▶ **TASK BRIEF**
The range runs from the line containing "Now what we're" to the last line of the entries. Restate those lines word for word, without the pictures.

▶ **RECORD SET**

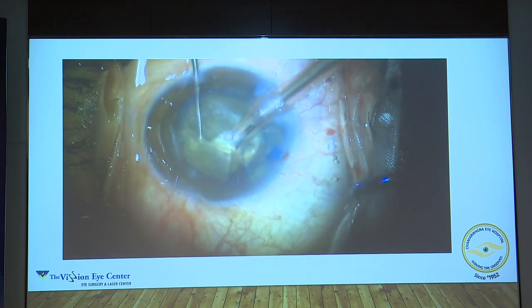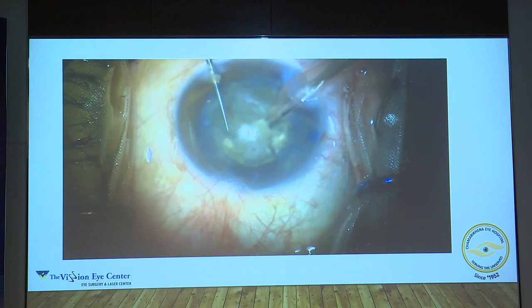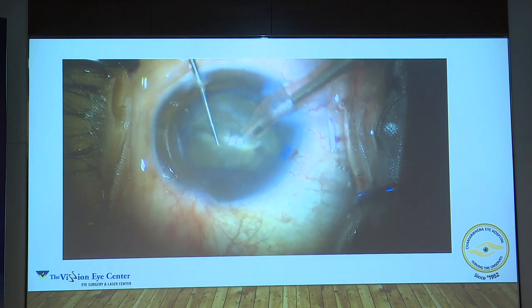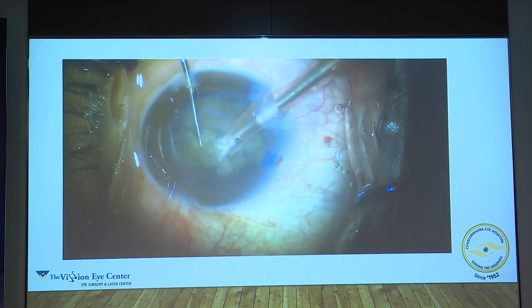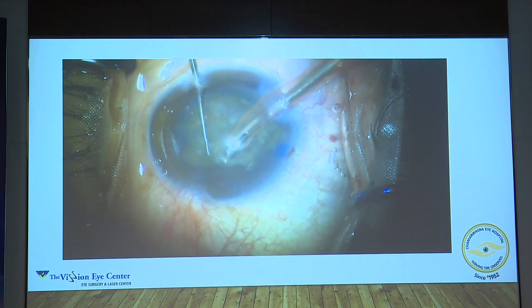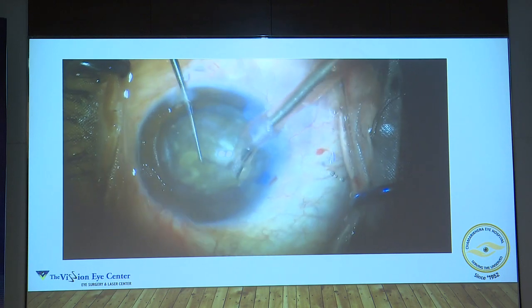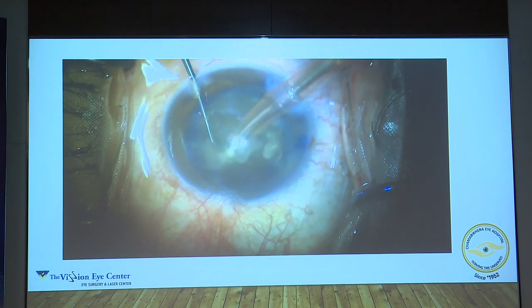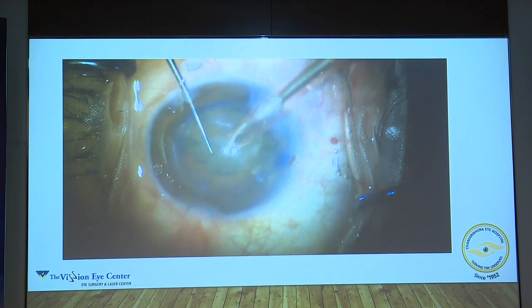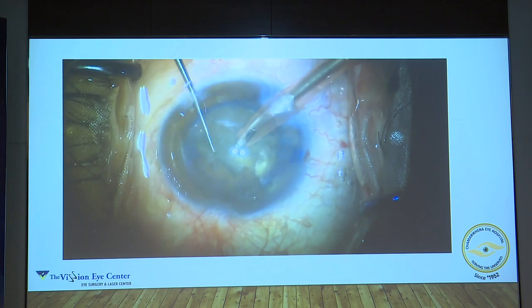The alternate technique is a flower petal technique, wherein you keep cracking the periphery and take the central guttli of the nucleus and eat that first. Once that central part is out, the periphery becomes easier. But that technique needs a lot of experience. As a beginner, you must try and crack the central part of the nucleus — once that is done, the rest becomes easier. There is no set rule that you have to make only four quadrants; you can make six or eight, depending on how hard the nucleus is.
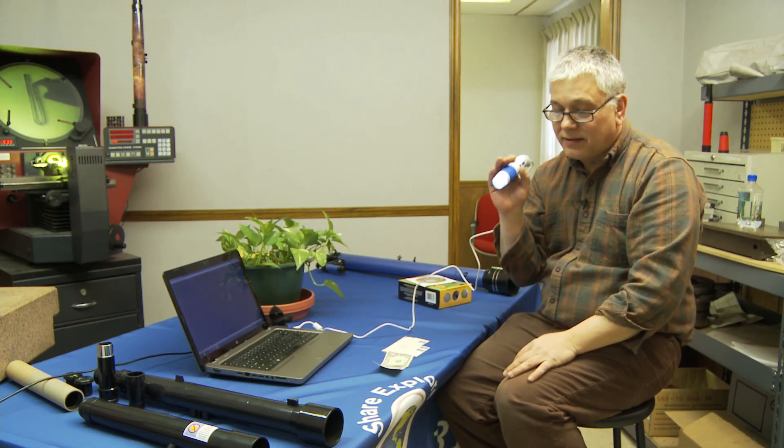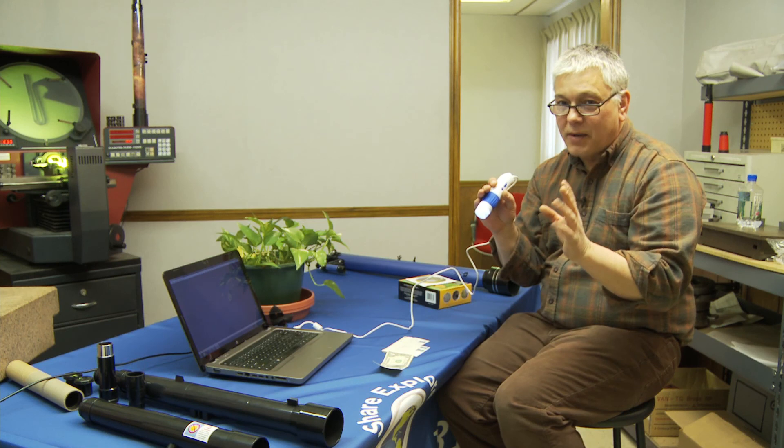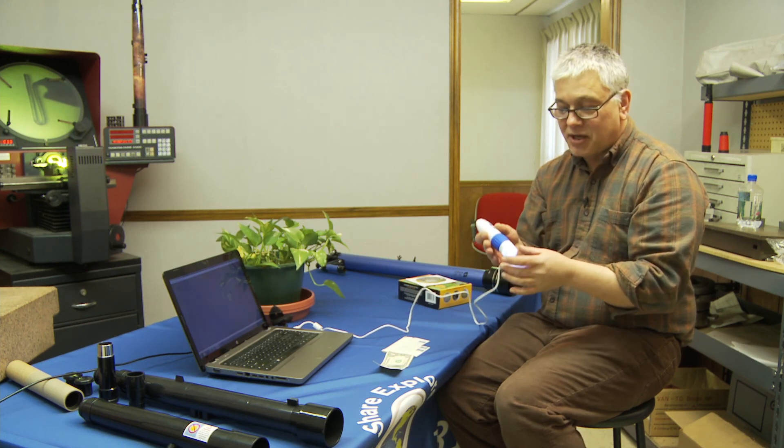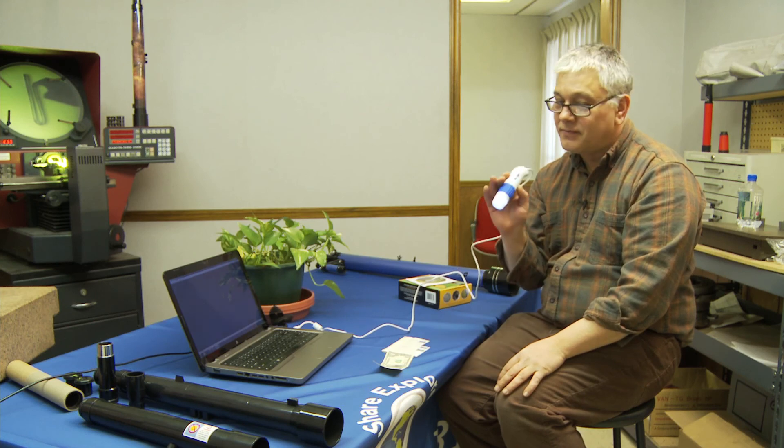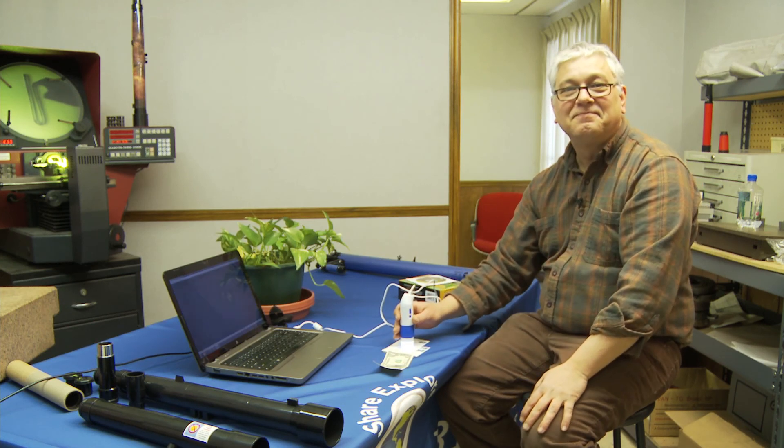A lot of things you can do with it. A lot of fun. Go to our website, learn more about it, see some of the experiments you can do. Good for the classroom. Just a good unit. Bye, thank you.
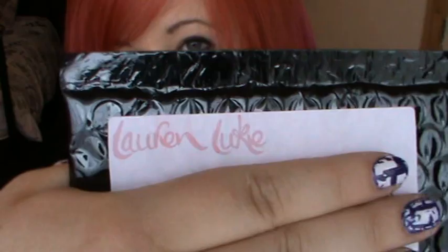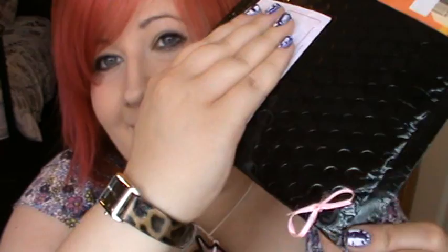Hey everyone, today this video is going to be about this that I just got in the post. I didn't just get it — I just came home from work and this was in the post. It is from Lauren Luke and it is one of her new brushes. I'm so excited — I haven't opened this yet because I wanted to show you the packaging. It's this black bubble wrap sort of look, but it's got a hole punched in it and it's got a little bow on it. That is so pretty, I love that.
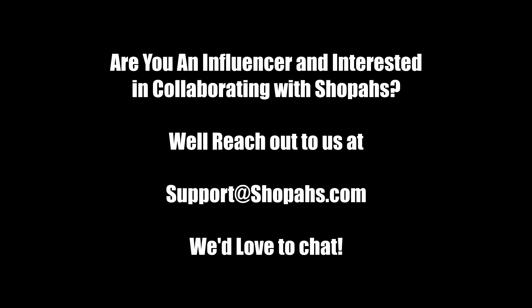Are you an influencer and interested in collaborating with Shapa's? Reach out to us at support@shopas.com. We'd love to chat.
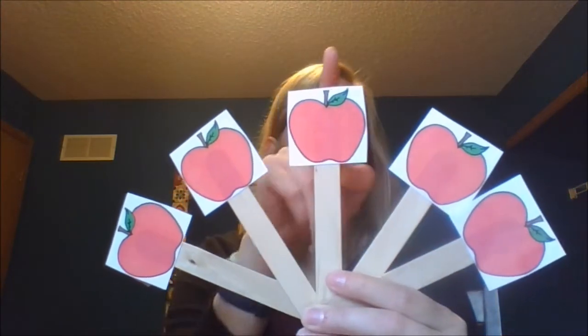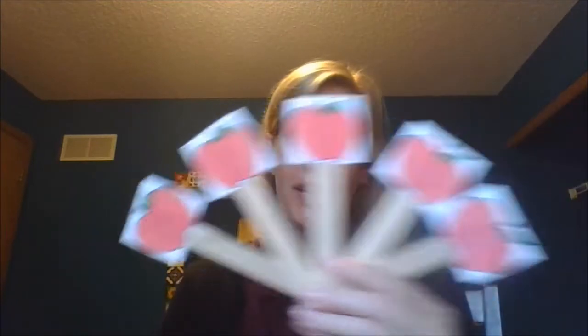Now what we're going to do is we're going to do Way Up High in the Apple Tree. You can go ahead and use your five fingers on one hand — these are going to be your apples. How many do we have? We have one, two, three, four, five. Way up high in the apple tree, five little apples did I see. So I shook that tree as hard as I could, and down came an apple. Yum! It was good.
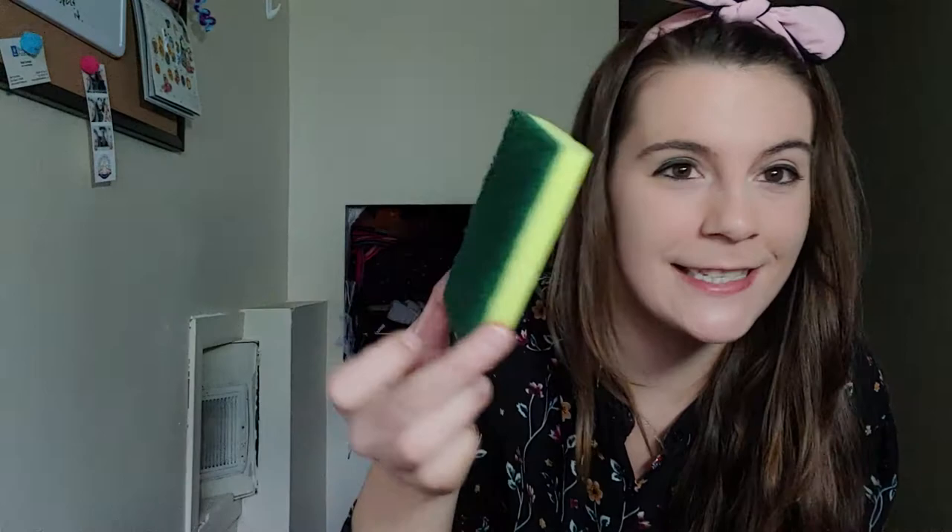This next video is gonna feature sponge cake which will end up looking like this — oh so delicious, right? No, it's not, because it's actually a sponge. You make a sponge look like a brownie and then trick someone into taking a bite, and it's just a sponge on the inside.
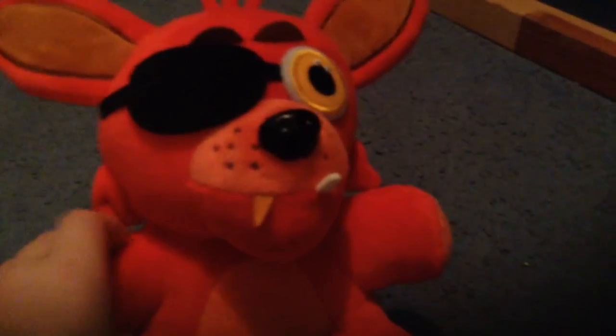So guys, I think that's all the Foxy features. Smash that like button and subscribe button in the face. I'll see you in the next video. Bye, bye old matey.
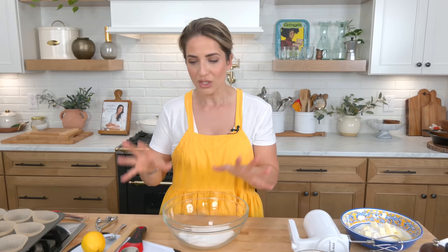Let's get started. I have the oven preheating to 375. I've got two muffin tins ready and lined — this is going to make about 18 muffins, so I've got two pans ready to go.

▶ **RESPONSE BOX**
Now what we're going to do is we're going to do Way Up High in the Apple Tree. You can go ahead and use your five fingers on one hand — these are going to be your apples. How many do we have? We have one, two, three, four, five. Way up high in the apple tree, five little apples did I see. So I shook that tree as hard as I could, and down came an apple. Yum! It was good.
This next video is gonna feature sponge cake which will end up looking like this — oh so delicious, right? No, it's not, because it's actually a sponge. You make a sponge look like a brownie and then trick someone into taking a bite, and it's just a sponge on the inside.
So guys, I think that's all the Foxy features. Smash that like button and subscribe button in the face. I'll see you in the next video. Bye, bye old matey.
Let's get started. I have the oven preheating to 375. I've got two muffin tins ready and lined — this is going to make about 18 muffins, so I've got two pans ready to go.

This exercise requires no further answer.